Fazıl Ahmet Aykaç dostu, grafiker-tasarımcı İhap Hulusi Görey ile. - İhap Hulusi Görey’e Kulüp Rakısı'ndaki şahısların kim olduğu sorulur. "Büyükada'da bir kulüpte oturmuş, Fazıl Ahmet ile rakı içiyorduk" der. "O an bir fotoğraf çekildik ve sonra bu resmi çizdim. Yüzü bize bakan benim, arkası dönük olan da şair ve yazar Fazıl Ahmet."

D.T.: Ben tekrar dedeye gelmek istiyorum; hem mizah, hem keyif, hem de entelektüel… Meşhur bir etiket var. Anasonlu üzüm içeceği etiketi - malum ancak bu kadar diyebiliyoruz. Bu etiket o zamanın önemli grafik ustası İhlap Hulusi'nin. Dedenizle çok keyifli sohbetleri var ve onu da resmetmiş etikete, o da böyle gelmiş günümüze.

A.A.: İki tane politik şiirini okuyayım ki bir tanesini herkes biliyor;

Hele var ki bir tablo
Görse şaşar Anibal,
Ördeklerden bir filo
Bir de kazdan amiral.

Devrin hükümeti. 

Sandım ki siyaset bir tatlı çörektir. 
Gördüm ki fakat nispi kireç nispi kepektir.  
Torbalarla yalanları birbirlerine atarlar. 
Tatarcıklar şahlanır, pirelere satışırlar.


Bu da bizim memleketin hükümet meclis kavgalarının... 

N.S.: Şimdi olsa yazamazdı bunları.

A.A.: Yok, ben bunu söyledim diye bile başım derde girebilir.

DT: Yahya Kemal ile de muazzam atışmaları, ona yolladığı şiirler var. Neyse bunları programa sığdıramasak da merak edenler için paylaşacağız. O da müthiş bir şey: Virenbağ şiiri.

A.A.: Orada da öyle bir grup var.

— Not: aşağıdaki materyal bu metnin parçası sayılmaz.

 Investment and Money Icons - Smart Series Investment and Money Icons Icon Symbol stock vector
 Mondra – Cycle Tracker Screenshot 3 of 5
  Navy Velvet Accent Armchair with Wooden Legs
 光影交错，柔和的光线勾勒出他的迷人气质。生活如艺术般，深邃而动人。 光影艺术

Yahya Kemal'ler, Hasan Ali'ler... Şaka değil, her biri çok iyi şair olmasına rağmen hepsi der ki Fazıl bizden daha iyi hiciv yapar.

Bir hikayesini daha anlatayım Fazıl Bey’in; 90'lı yılların başında hastalanmış ki artık zaten asrın başında, 1884'te doğmuş. Biri, dedemin yaşgününde Dante'nin Inferno’sunun İtalyanca orijinal kitabını getirmiş, Dedem yedi lisan konuşur ama İtalyanca bilmezdi. O yaşında oturdu, İtalyanca öğrendi. Dante'nin Inferno'sunu orijinalinde okudu.

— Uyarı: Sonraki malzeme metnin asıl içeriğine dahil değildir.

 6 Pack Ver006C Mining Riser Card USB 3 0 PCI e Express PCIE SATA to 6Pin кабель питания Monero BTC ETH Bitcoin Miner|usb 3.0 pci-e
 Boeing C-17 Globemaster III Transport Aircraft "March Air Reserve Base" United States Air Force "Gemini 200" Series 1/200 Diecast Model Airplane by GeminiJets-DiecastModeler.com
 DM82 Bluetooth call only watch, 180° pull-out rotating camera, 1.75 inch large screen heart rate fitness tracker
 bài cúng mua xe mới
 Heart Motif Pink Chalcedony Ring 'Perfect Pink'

D.T.: O zaman hemen ben şair ve yazar Ali Canip Yöntem'in kendisiyle ilgili söylediklerini eklemek istiyorum; "Şahsına münhasır, özgün, seçkin bir ediptir. Nazmında ve düz yazısında ince ve temiz bir mizah vardır. Burada şunu da eklemeli ki Fazıl Ahmet Bey yalnızca bir şakacı değildir. Mizahı ahlak üzerine dayalıdır. Zaten mizah edebiyatın ahlakla en ilişkili türüdür. Fazıl Ahmet Bey fantezi olarak yazdıkları dışında güçlü kalemiyle hep insanın ve yaşamın güçlüklerini yermiş, erdemi elçiliği aşılamıştır başkalarına.”

A.A.: Dedem diye söylemiyorum, hakikaten öyle bir adamdı yani şaka değil. Koskoca Fazıl Ahmet Ada’da çöpçüyle yanyana oturur, yarım saat konuşur ve dinlerdi. Sırf konuşmaz, o da ona kendisinin bilmediği bir dünyadan bir bilgi getiriyor diye konuşurdu, dinlerdi.

N.S.: Güzel zamanlarında yaşamışsınız Ada’nın.

A.A.: Hakikaten lüks bir hayat oldu o. Bir de üstelik ailemin içinde hiç kimse para nedir bilmez. Fazıl Ahmet'i Atatürk dört bir tarafa gönderirdi. Yedi lisan biliyor, nereye gitsek bir şeyler anlatıyor ve sürekli gelip dermiş ki, “Fazıl Bey, bak devletin sana verecek parası yok ama sen bütün bu işleri yapıyorsun. Hiç değilse Ada’da bir arsa beğen, sana o arsayı devlet hediye etsin. Orada bir bina yap, içine gir otur.” “Yok paşam, devletin işi bu yapılır,” diye de kabul etmezmiş dedem. Biz sonra “Dede niye öyle yaptın ya?” diye dalga geçerdik.

N.S.: Çok sağolun, gerçekten çok güzel günlere götürdünüz.

D.T.: Süremiz de bitmiş.

A.A..: Hakikaten başka türlü keyifliydi.

N.S.: Şanslıymışsınız.

A.A.: Evet, hakikaten bir iki hadiseyi bir kenara koyarsanız, bizim büyüdüğümüz o devir Türkiye'nin bir masumiyet devriydi yani kızılması gereken şeylere kızıyordu insanlar, saçma sapan şeylerle uğraşmıyorlardı. Bir hikaye daha anlatayım.

D.T.: Programımız bitmiş, biz sonra devam edelim.

A.A.: Bitti mi?

D.T.: Bitti maalesef, kesiyorlar.

N.S.: Andrei hiç affetmez.

A.A.: İstediğiniz gibi oldu mu?

D.T.: Bizim için yeni yıl hediyesi gibi oldu. Bizi dinlediğiniz için çok teşekkür ederiz. Bugün konuğumuz üç kuşak Kınalıada'da iz bırakan Aykaç ailesinin kıymetli üyesi Ahmet Aykaç'tı.

Nevin Sungur, Meral Mutlu Madra, Ömer Madra, Ahmet Aykaç ve Derya Tolgay

NS: Bugün Kınalılığı bir tarafa bırakalım ve beraber Adalar hepimizin diyelim. Adalar hepimizin!

A.A.: Adalar hepimizin! Adalar hakikaten çok güzel yerler. Şaka değil, çok güzel yerler. UNESCO ile ilgili de bir şeyler yapıyorsunuz galiba, çok faydalı.

D.T.: O konuda da bir başka programda sizin tecrübelerinizden yararlanacağız. Böylece bir program sözünü almış olduk. Hoşçakalın, çok teşekkürler.